Task directions
From the first line to the last, restate the material word for word, omitting pictures.

Given information
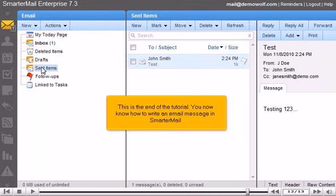This is the end of the tutorial. You now know how to write an email message in SmarterMail.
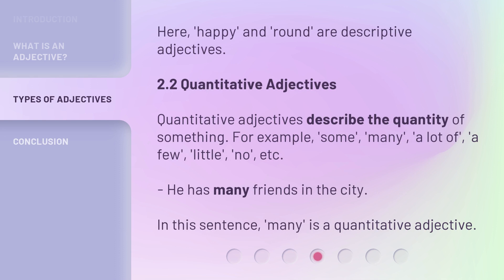2.2 Quantitative Adjectives. Quantitative adjectives describe the quantity of something. For example: some, many, a lot of, a few, little, no, etc. He has many friends in the city. In this sentence, many is a quantitative adjective.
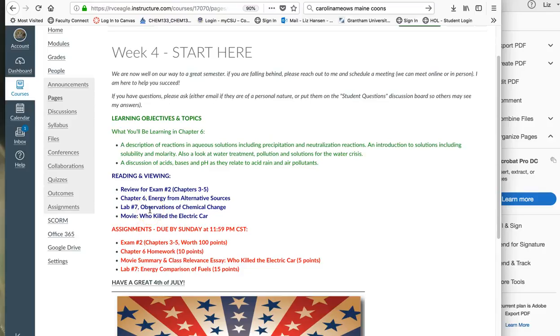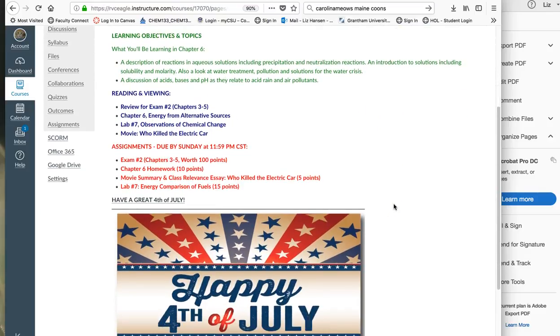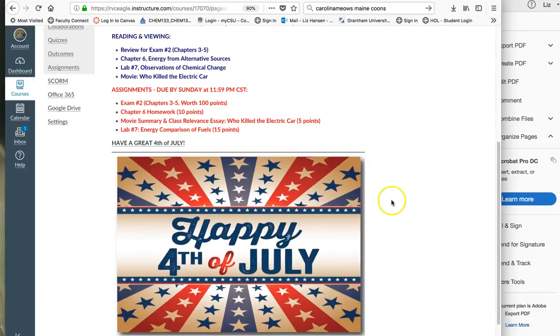And then you've got one lab, Observations of Chemical Change, which is a fairly easy one I think. So not a whole lot going on. You've got the whole week to do that and as it says right here I hope you guys all have a happy fourth of July.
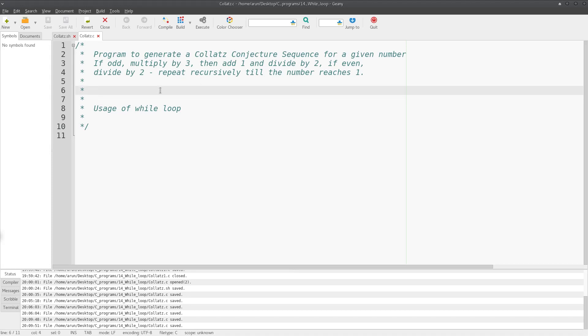Hello everyone, my name is Arun and welcome to my channel. This series covers tutorials on C programming, and in this tutorial we'll be looking at the while loops available in C.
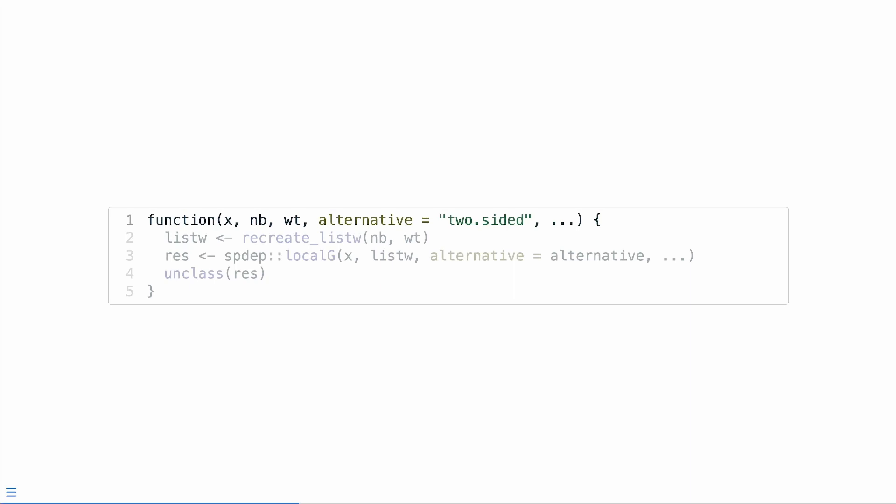It's a bunch of code, but we can actually distill this down into like three simple lines. So the arguments x and bwt are required. The alternative argument is set for us to a default value of two.sided. And then there are the dots. The reason why we use dots in this case and why it's so powerful is that it lets us take different objects, restructure them into the required format, then pass in arguments to another function. sfdep uses a list w object, which contains two lists, one for identifying neighbors and the second to store the spatial weights for them. And those are respectively nb and wt.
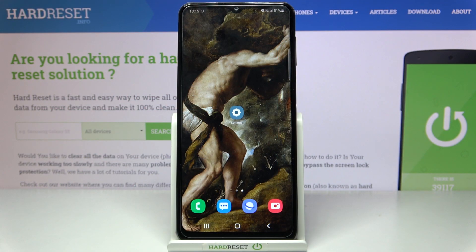Here I have Samsung Galaxy M32 and today I'm going to show you how to change system language on this device.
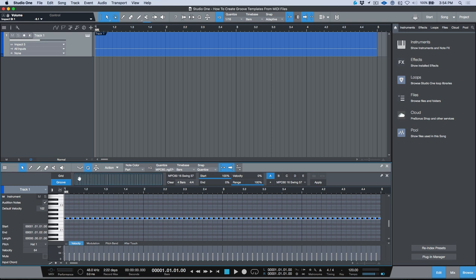In this particular case I can tell you that these are all 127, but it's the timing that I'm looking to extract from this file. But just for sake of demonstration, if we move the velocity up watch what happens now when I quantize these hard 16ths according to this clip or this groove template.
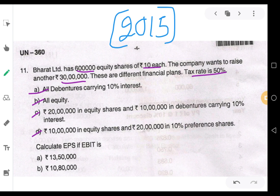At the same time, they have given one more condition here: calculate EPS if EBIT is number 1 — 13 lakh 50,000, and number 2 — 10 lakh 80,000. So under both EBIT situations, we have to calculate the EPS separately.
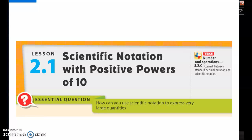All right, you guys, today we are going to be talking about scientific notation with positive powers of 10. This is a repeat of a video that I recorded where there were sound issues, so we're going to try to make sure that we don't have any sound issues this time.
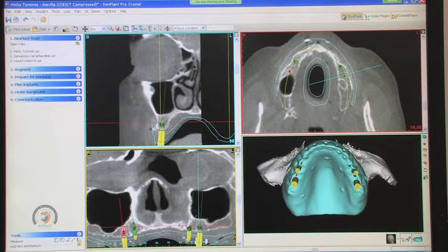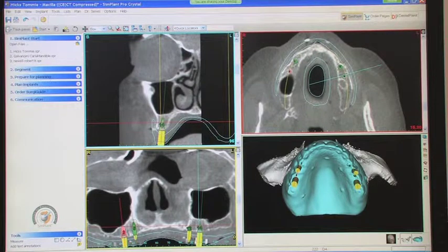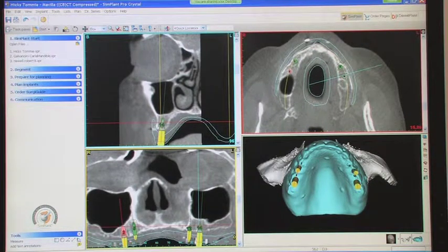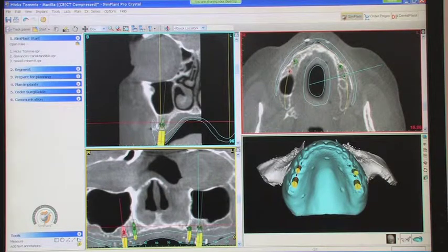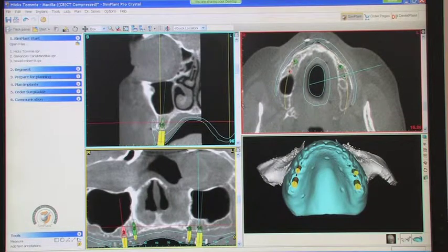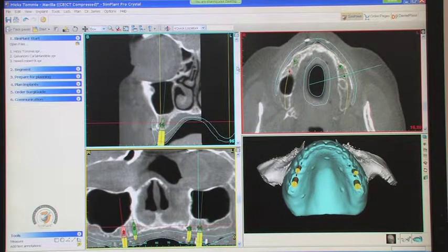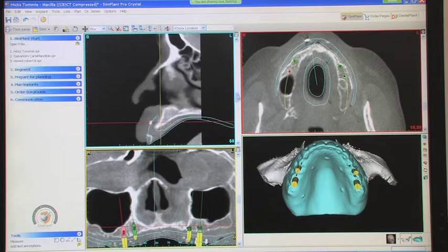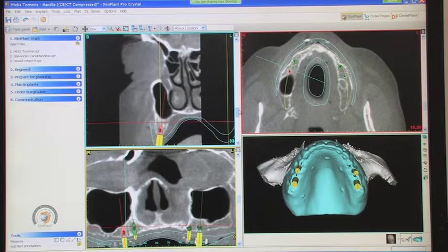This is probably the panoramic view — you can see nice clear sinuses, but you can see where the sinuses drop down. You do have an amount of bone to work with in the premolar-molar area, and the same thing on this side.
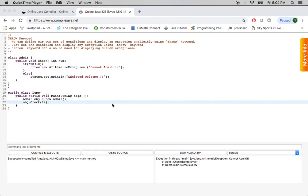Hello viewers, in this video let's learn about throw keyword in Java and let's go over a few notes about the throw keyword.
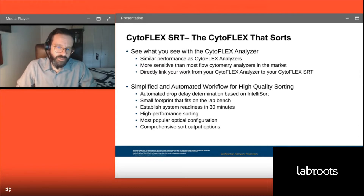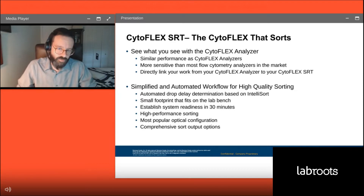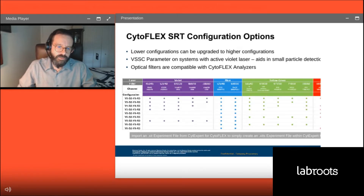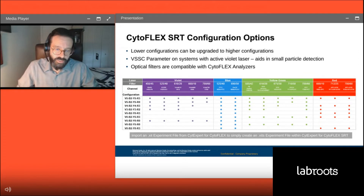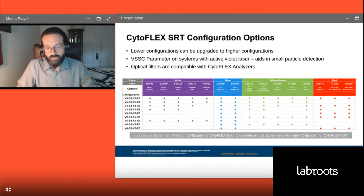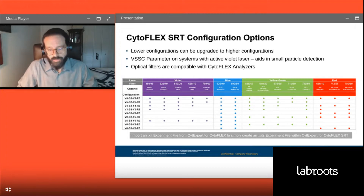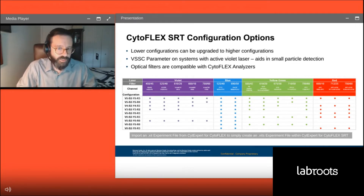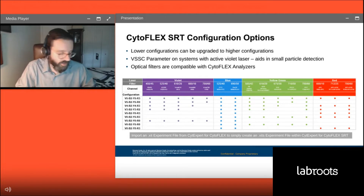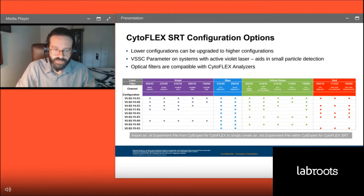With easy one-click interfaces to get quality control done and your sort set up, we have violet, blue, yellow-green, and red lasers available in multiple configurations to meet the needs of your lab now and in the future. Importantly, these are field-upgradable and optical filters from your CytoFLEX analyzer are exchangeable with what's in the CytoFLEX SRT.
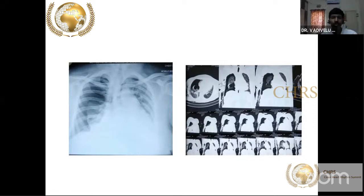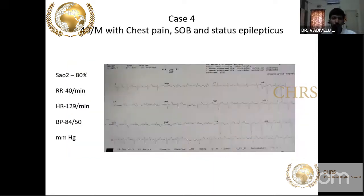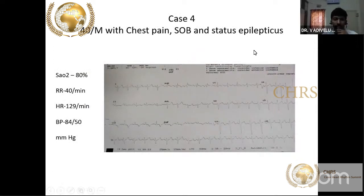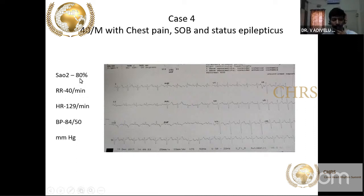Always do a quick clinical examination. If air entry is not good, suspect pulmonary conditions. A 40-year-old male with chest pain, shortness of breath, status epilepticus, respiratory rate of 40, oxygen saturation 80%, and hypotension who arrested at the emergency door. ECG shows sinus tachycardia — this is a case of acute massive pulmonary embolism.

Answer box
This is the end of the tutorial. You now know how to write an email message in SmarterMail.
2.2 Quantitative Adjectives. Quantitative adjectives describe the quantity of something. For example: some, many, a lot of, a few, little, no, etc. He has many friends in the city. In this sentence, many is a quantitative adjective.
And then you've got one lab, Observations of Chemical Change, which is a fairly easy one I think. So not a whole lot going on. You've got the whole week to do that and as it says right here I hope you guys all have a happy fourth of July.
Hello everyone, my name is Arun and welcome to my channel. This series covers tutorials on C programming, and in this tutorial we'll be looking at the while loops available in C.
It's a bunch of code, but we can actually distill this down into like three simple lines. So the arguments x and bwt are required. The alternative argument is set for us to a default value of two.sided. And then there are the dots. The reason why we use dots in this case and why it's so powerful is that it lets us take different objects, restructure them into the required format, then pass in arguments to another function. sfdep uses a list w object, which contains two lists, one for identifying neighbors and the second to store the spatial weights for them. And those are respectively nb and wt.
Here I have Samsung Galaxy M32 and today I'm going to show you how to change system language on this device.
In this particular case I can tell you that these are all 127, but it's the timing that I'm looking to extract from this file. But just for sake of demonstration, if we move the velocity up watch what happens now when I quantize these hard 16ths according to this clip or this groove template.
At the same time, they have given one more condition here: calculate EPS if EBIT is number 1 — 13 lakh 50,000, and number 2 — 10 lakh 80,000. So under both EBIT situations, we have to calculate the EPS separately.
All right, you guys, today we are going to be talking about scientific notation with positive powers of 10. This is a repeat of a video that I recorded where there were sound issues, so we're going to try to make sure that we don't have any sound issues this time.
This is probably the panoramic view — you can see nice clear sinuses, but you can see where the sinuses drop down. You do have an amount of bone to work with in the premolar-molar area, and the same thing on this side.
Hello viewers, in this video let's learn about throw keyword in Java and let's go over a few notes about the throw keyword.
With easy one-click interfaces to get quality control done and your sort set up, we have violet, blue, yellow-green, and red lasers available in multiple configurations to meet the needs of your lab now and in the future. Importantly, these are field-upgradable and optical filters from your CytoFLEX analyzer are exchangeable with what's in the CytoFLEX SRT.
Always do a quick clinical examination. If air entry is not good, suspect pulmonary conditions. A 40-year-old male with chest pain, shortness of breath, status epilepticus, respiratory rate of 40, oxygen saturation 80%, and hypotension who arrested at the emergency door. ECG shows sinus tachycardia — this is a case of acute massive pulmonary embolism.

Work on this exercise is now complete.